When you distill sugar cane into liquor, you get rum, right?
No, no, no. Rum is what you get from distilling molasses, after that gooey dark stuff gets made from the cane. When you simply ferment and distill the juice of the sugar cane itself, you get cachaça, the Brazilian national spirit. And when you do it right, you get something very much like a sugar cane eau de vie--clear, un-oaked, fresh, fruity and aromatic, smooth as silk.
I've been a cachaça fan for years, but only got my head straight about its inner nature last week at a promotional tasting for Maison Leblon, a high-end cachaça producer in Minas Gerais, deep in the interior of Brazil. French-trained master distiller Gilles Merlet and Leblon founder Gerry Schweitzer brought along a mini-still and walked the curious (mainly mixologists) through cachaça's paces.
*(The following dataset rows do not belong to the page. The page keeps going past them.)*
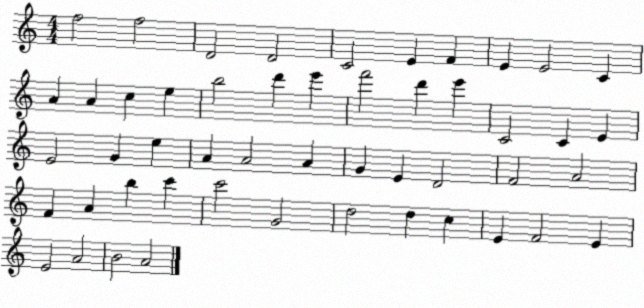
X:1
T:Untitled
M:4/4
L:1/4
K:C
f2 f2 D2 D2 C2 E F E E2 C A A c e b2 d' e' f'2 d' e' C2 C E E2 G e A A2 A G E D2 F2 A2 F A b c' c'2 G2 d2 d c E F2 E E2 A2 B2 A2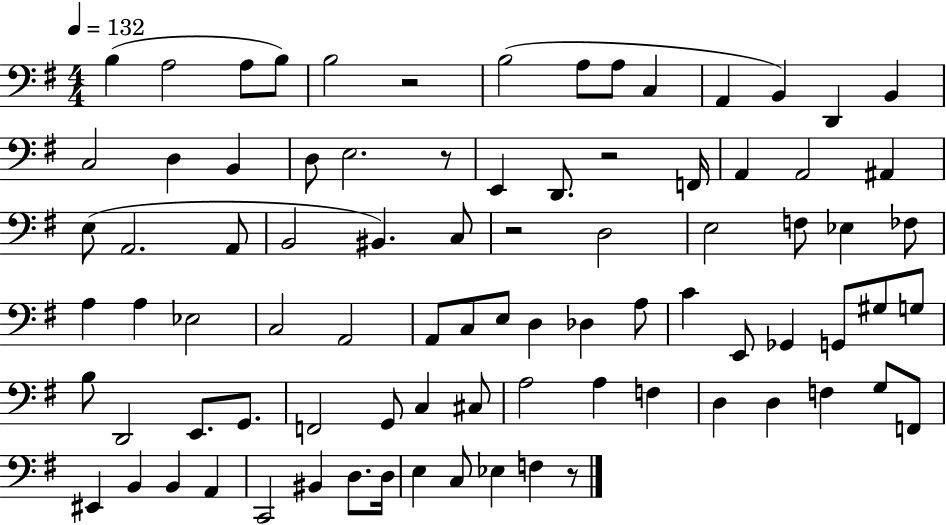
X:1
T:Untitled
M:4/4
L:1/4
K:G
B, A,2 A,/2 B,/2 B,2 z2 B,2 A,/2 A,/2 C, A,, B,, D,, B,, C,2 D, B,, D,/2 E,2 z/2 E,, D,,/2 z2 F,,/4 A,, A,,2 ^A,, E,/2 A,,2 A,,/2 B,,2 ^B,, C,/2 z2 D,2 E,2 F,/2 _E, _F,/2 A, A, _E,2 C,2 A,,2 A,,/2 C,/2 E,/2 D, _D, A,/2 C E,,/2 _G,, G,,/2 ^G,/2 G,/2 B,/2 D,,2 E,,/2 G,,/2 F,,2 G,,/2 C, ^C,/2 A,2 A, F, D, D, F, G,/2 F,,/2 ^E,, B,, B,, A,, C,,2 ^B,, D,/2 D,/4 E, C,/2 _E, F, z/2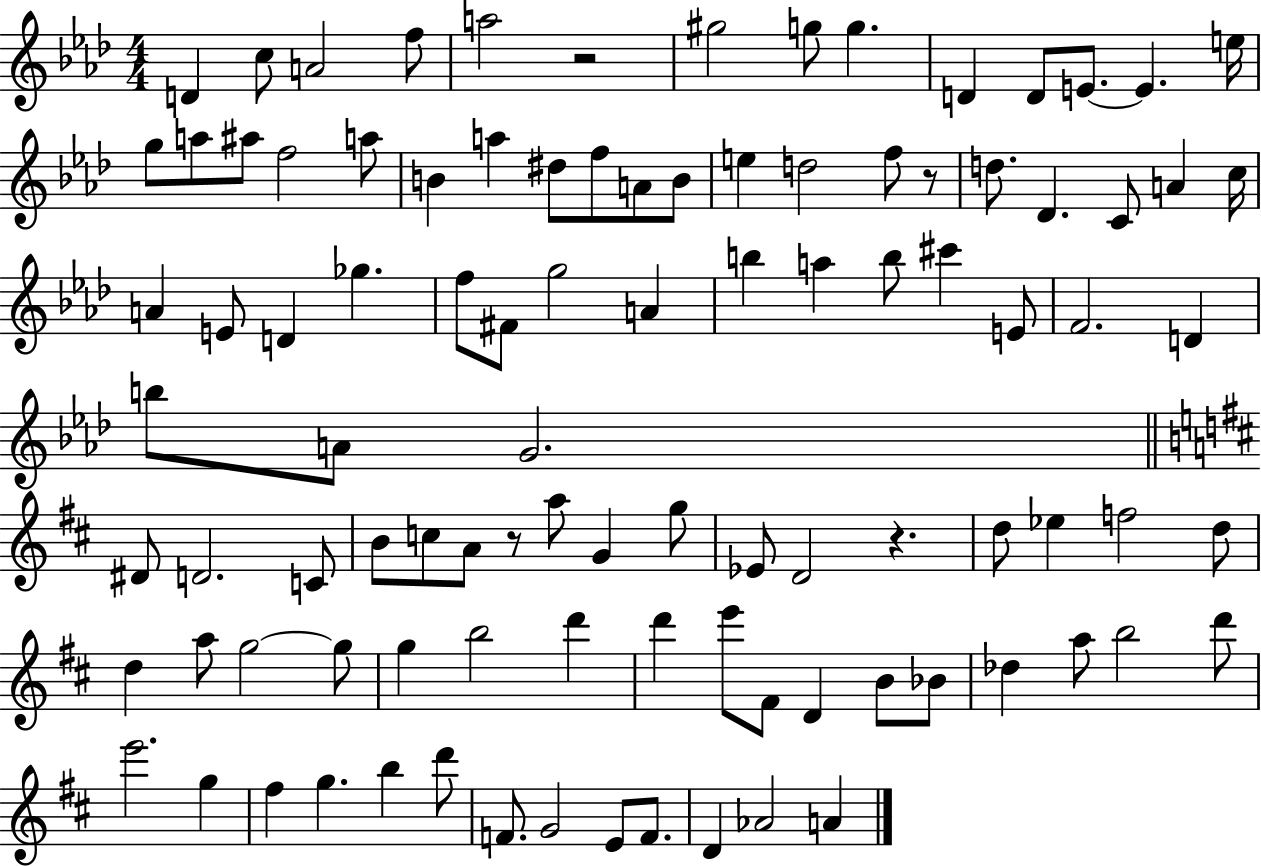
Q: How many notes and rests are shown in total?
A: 99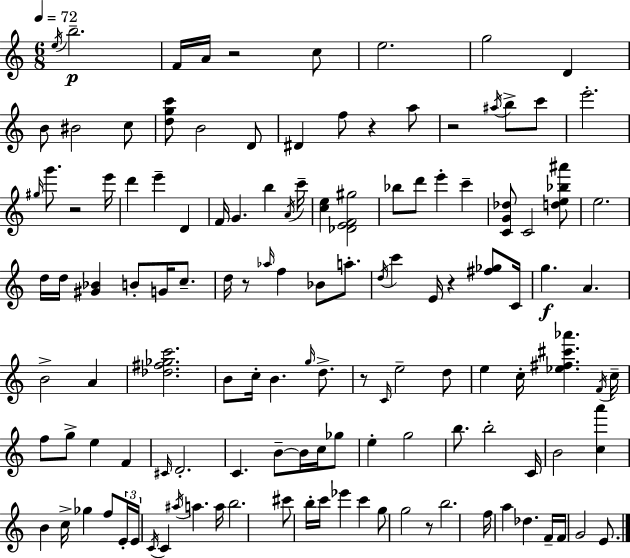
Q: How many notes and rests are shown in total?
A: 129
Yes, alcohol was served.
Merlet was explaining the various distillation steps to me, and mentioned that their cachaça was made in a single pass through the still. "Ah," I said, "like eau de vie, not like vodka, that gets distilled over and over?" "Oui," he said energetically, exactly like eau de vie--we are not making vodka!"
So, back to Leblon: it's amazing. My previous encounters with cachaça, amusing as they sometimes were, all involved the industrial stuff, which begs to be blended into cocktails so the rough edges won't show. This stuff makes for great sipping all by itself, with plenty of cane juice nose, surprisingly toothsome texture, and nothing raw to be found. It's what so many grappas wish they could be. This is not the only high-end cachaça being produced; it's just the one I spent last Tuesday afternoon sampling, and it's a winner.
It also does a fine job in cocktails, to be sure (yes, cocktails were consumed). And here is where I picked up the shocker of the day, from Gerry Schweitzer. The one and only Brazilian national cocktail is, of course, the Caipirinha--lemon or lime juice, sugar and cachaça. But in Brazilian cities, almost half of the consumption these days is in the form of Caipiroskas, made from--what else?--tasteless vodka. It's a national disgrace--possibly reason enough to boycott the Rio Olympics.
Meantime, in the US, cachaça is officially classified by the brain-dead Federal alcohol minders as "Brazilian rum"--which it's really not. Thus the slogan, "Legalize Cachaça!" I wear my campaign button proudly.
I've only tried Cachaca once, but I had a similar reaction. It's really great stuff, quite a shame it is not more widely available.